> **EXERCISE DATA**

****************************************

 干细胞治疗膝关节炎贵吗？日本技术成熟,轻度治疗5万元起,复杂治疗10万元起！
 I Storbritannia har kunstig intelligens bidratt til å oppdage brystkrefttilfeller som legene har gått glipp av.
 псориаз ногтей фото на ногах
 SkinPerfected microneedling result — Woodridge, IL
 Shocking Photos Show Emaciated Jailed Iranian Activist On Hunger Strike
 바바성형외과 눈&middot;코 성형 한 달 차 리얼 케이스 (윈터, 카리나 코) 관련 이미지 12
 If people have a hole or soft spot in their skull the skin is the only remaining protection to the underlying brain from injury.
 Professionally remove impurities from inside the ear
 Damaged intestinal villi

****************************************

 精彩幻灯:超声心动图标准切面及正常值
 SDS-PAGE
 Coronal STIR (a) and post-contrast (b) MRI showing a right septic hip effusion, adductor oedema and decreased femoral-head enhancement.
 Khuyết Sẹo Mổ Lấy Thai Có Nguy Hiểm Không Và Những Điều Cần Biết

****************************************

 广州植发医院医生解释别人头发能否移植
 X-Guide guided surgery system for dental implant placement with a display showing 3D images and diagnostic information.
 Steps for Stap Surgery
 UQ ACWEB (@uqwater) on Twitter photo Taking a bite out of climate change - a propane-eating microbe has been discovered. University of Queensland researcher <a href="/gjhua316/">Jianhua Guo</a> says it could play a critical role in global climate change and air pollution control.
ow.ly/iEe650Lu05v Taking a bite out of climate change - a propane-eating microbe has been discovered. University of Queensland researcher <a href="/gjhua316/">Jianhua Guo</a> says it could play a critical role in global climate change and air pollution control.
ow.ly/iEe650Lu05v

****************************************

> **TASK OBJECTIVE**
Within the material above, output exactly the lines from the one with "바바성형외과 눈&middot;코 성형" through the one with "Damaged intestinal villi", end lines included, and nothing besides.

> **TASK SOLUTION**
 바바성형외과 눈&middot;코 성형 한 달 차 리얼 케이스 (윈터, 카리나 코) 관련 이미지 12
 If people have a hole or soft spot in their skull the skin is the only remaining protection to the underlying brain from injury.
 Professionally remove impurities from inside the ear
 Damaged intestinal villi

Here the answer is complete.